Dataset entries:
◆ ◆ ◆

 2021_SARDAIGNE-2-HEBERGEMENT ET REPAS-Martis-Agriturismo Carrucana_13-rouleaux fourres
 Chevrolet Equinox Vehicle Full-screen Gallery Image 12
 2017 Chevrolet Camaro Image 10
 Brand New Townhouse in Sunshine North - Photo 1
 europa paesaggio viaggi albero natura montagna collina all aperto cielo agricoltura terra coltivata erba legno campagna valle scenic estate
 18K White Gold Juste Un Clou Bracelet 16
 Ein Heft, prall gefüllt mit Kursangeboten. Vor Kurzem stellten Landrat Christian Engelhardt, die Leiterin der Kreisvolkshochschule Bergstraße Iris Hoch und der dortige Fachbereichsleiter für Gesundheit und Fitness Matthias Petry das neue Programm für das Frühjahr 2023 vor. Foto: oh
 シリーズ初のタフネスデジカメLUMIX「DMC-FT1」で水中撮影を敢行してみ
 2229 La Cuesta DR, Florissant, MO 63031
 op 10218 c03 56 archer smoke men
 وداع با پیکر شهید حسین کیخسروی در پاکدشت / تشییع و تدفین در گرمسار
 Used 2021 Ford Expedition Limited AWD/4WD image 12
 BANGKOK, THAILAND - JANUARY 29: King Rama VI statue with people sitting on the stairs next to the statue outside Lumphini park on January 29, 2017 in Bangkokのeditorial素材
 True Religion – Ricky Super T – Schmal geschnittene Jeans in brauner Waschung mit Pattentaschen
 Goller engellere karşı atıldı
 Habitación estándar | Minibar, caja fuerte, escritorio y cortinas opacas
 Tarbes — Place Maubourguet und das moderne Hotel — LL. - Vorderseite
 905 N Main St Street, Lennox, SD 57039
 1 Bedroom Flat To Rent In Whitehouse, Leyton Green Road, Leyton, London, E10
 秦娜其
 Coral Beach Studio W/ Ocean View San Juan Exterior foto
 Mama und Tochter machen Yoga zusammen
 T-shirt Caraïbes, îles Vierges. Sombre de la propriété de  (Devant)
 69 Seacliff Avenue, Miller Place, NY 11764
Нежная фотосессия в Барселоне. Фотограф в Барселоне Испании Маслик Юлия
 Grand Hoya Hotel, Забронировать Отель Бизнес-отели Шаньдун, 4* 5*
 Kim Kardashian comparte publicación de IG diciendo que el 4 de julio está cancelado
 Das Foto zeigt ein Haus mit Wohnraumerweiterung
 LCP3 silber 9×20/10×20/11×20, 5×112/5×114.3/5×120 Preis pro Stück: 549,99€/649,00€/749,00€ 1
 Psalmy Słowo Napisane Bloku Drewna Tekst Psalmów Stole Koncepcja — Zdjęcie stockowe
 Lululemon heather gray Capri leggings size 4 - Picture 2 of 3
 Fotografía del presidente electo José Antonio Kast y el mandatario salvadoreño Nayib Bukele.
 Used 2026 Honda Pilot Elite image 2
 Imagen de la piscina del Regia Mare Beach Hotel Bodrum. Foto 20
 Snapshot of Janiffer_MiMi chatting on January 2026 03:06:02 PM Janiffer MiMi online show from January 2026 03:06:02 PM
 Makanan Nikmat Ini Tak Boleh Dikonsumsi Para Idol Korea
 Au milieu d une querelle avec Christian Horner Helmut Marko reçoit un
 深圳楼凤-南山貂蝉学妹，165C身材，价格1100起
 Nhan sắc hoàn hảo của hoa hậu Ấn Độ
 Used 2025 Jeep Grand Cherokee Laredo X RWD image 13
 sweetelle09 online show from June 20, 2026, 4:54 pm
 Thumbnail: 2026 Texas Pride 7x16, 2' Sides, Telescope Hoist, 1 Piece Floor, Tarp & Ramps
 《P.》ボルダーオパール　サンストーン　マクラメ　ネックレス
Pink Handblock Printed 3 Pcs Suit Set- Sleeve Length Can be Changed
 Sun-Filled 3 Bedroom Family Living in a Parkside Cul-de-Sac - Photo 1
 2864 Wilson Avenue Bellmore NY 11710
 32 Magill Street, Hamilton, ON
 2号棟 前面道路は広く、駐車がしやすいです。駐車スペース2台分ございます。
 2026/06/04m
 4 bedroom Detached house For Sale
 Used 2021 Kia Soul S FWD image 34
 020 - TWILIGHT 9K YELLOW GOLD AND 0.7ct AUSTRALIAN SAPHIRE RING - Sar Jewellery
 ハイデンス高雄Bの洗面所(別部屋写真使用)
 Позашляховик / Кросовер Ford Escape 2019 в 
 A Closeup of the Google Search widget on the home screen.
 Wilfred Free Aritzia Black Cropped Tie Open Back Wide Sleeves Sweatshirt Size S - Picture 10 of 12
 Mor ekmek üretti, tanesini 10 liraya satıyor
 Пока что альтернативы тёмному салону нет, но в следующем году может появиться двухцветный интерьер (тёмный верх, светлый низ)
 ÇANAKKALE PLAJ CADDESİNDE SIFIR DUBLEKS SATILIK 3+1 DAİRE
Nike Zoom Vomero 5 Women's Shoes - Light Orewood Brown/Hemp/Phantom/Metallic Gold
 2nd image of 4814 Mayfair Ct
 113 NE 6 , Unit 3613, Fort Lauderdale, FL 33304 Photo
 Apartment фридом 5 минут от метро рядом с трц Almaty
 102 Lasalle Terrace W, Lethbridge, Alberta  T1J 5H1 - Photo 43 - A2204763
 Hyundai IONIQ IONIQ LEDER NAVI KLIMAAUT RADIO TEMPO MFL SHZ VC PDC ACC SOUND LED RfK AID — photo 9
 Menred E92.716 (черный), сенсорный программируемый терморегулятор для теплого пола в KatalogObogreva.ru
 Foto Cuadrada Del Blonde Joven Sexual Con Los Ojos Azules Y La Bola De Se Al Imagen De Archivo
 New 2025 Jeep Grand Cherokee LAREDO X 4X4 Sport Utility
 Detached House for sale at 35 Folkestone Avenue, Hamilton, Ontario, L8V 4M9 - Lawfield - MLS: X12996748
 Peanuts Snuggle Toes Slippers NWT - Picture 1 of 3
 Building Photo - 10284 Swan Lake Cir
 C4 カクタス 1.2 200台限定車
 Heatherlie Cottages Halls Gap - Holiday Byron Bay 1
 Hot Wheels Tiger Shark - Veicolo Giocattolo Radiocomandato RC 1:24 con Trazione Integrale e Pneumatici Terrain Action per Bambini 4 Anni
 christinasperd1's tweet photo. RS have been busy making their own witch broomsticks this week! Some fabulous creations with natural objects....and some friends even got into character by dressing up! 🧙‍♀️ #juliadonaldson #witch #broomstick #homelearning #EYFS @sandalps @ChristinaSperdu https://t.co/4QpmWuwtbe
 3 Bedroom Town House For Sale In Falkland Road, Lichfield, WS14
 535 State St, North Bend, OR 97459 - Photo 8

◆ ◆ ◆

**Task prompt**
Find the word "Chevrolet" in the records and pull out each line that has it.

**Solved problem**
 Chevrolet Equinox Vehicle Full-screen Gallery Image 12
 2017 Chevrolet Camaro Image 10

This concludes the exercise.